Farah makes the following interesting statement: "I have had what I consider to be credible sourcing on 95 percent of this for quite awhile." That means 5 percent of what he claims is not credibly sources; perhaps Farah will tell us sometime what those claims are.

Farah also slips into conspiracy-mongering, claiming that illegal immigration in the U.S. is part of a plan: "There is a master plan for global governance being plotted in meetings of groups like the Council on Foreign Relations."

And if you need any more evidence of the fluff job this is intended to be, check out Glazov's parting words: "Mr. Farah, it was a pleasure to have you here with us today. Thank you for coming to share this vital and traumatizing information. We won’t blame the messenger. Take care my friend."

Posted by Terry K. at 1:39 PM EDT
Wednesday, August 3, 2005
Blaming the Victim
Topic: WorldNetDaily
An Aug. 3 WorldNetDaily column by Jill Stanek plays blame-the-victim in criticizing the National Organization for Women's highlighting of individual cases of women who died as the result of illegal abortions. In the case of one woman NOW cites, Becky Bell, Stanek writes:

It turned out Becky had been promiscuous since age 15 and was a known drug user. Her parents placed her in drug rehab earlier in 1988 for several weeks. The weekend before Becky died, she was, according to the coroner's report, "reportedly at a party where various drugs were being used [cocaine, 'speed,' and LSD] ... and later claimed that someone had put 'speed' in her drink."

Stanek adds: "And what about the faces of death due to legal abortions? There are four timely faces NOW could showcase – four who have died just since 2003 from legal RU-486 abortions." As ConWebWatch has noted, the number of deaths allegedly linked to RU-486 is much smaller than the number attributed to liver failure induced by taking Tylenol, as well as smaller than the number of men killed by taking Viagra. But we don't see Stanek rallying the troops to take Tylenol or Viagra off the market.

And somehow, we suspect Stanek won't be painting the purported victims of RU-486 as sluts and druggies like Becky Bell. (Not that we have any knowledge of that.)

Posted by Terry K. at 1:08 PM EDT
Tuesday, August 2, 2005
What CNS Won't Tell You
Topic: CNSNews.com
An Aug. 2 CNSNews.com article by Melanie Hunter touts the results of a report by the American Center for Voting Rights Legislative Fund alleging that "paid Democrat operatives were far more involved in voter intimidation and suppression activities than were their Republican counterparts during the 2004 presidential election."

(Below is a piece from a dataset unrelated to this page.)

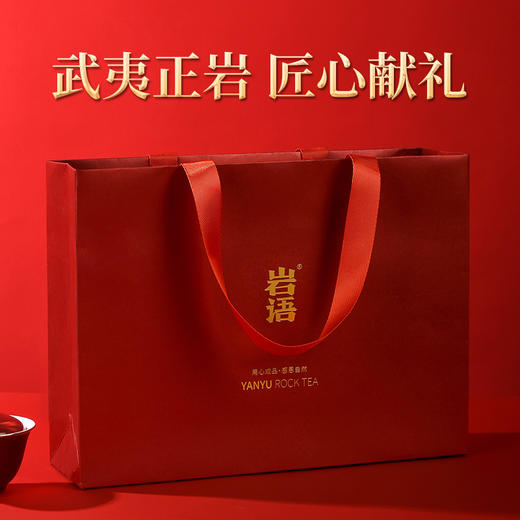 岩语 正岩肉桂茶叶限量版礼盒装 武夷岩茶正宗乌龙茶送礼长辈204g 商品图2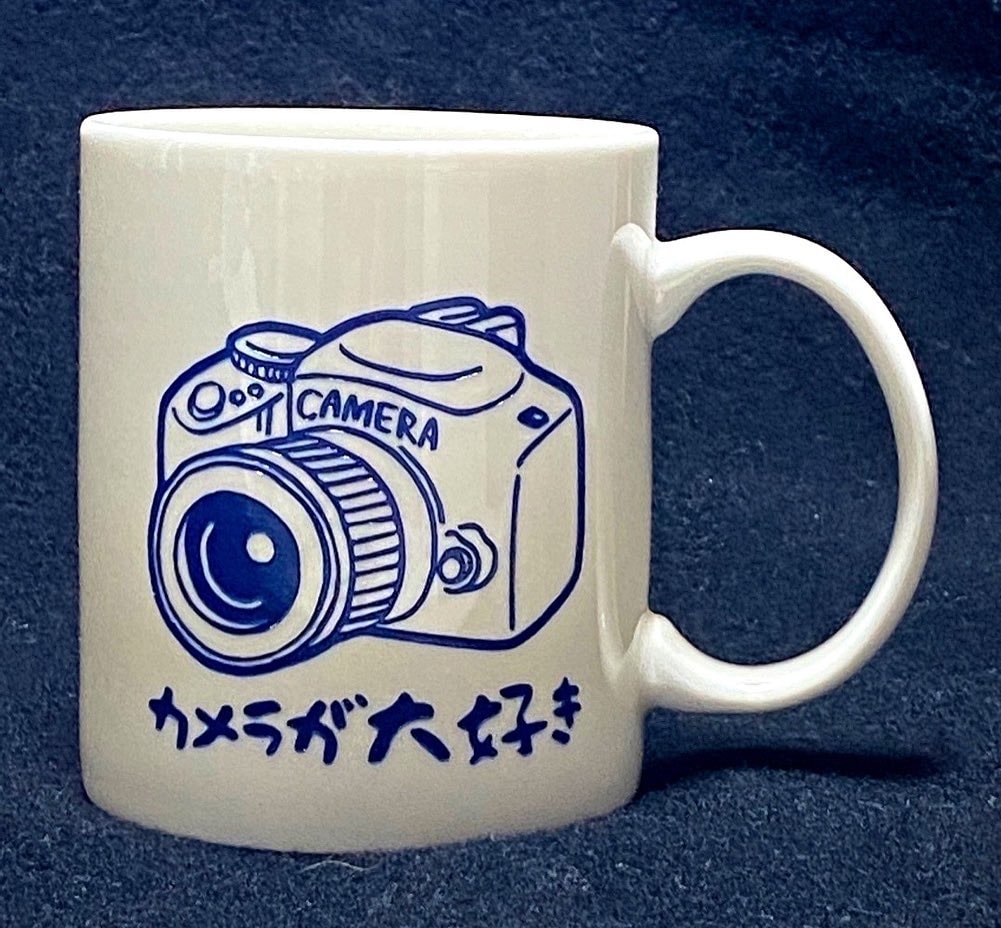 フジTV「いいとも！」似顔絵マスターが描きます あなたの似顔絵でマグカップやグラスを作りませんか？ イメージ9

Hunter describes the American Center for Voting Rights merely as "a voting rights group"; in fact, the group is a conservative group (which explains the focus on alleged Democrat voter fraud). The group's leaders have a Republican background: The group's legislative counsel, Mark F. "Thor" Hearne, was a national election counsel for the Bush-Cheney re-election campaign, and the center's publicist, Jim Dyke, is a former communications director for the Republican National Committee. (BradBlog has more.)

CNS knows all this, by the way; it did a story back in March on criticism of the group's Republican ties. Interestingly, the article, by Kathleen Rhodes, doesn't actually detail what those ties are, merely paraphrasing Dyke acknowledging that "the group includes a number of people formerly involved in Republican politics" and noting the "apparently partisan edge" and the "pretty anti-Bush" posts found on BradBlog.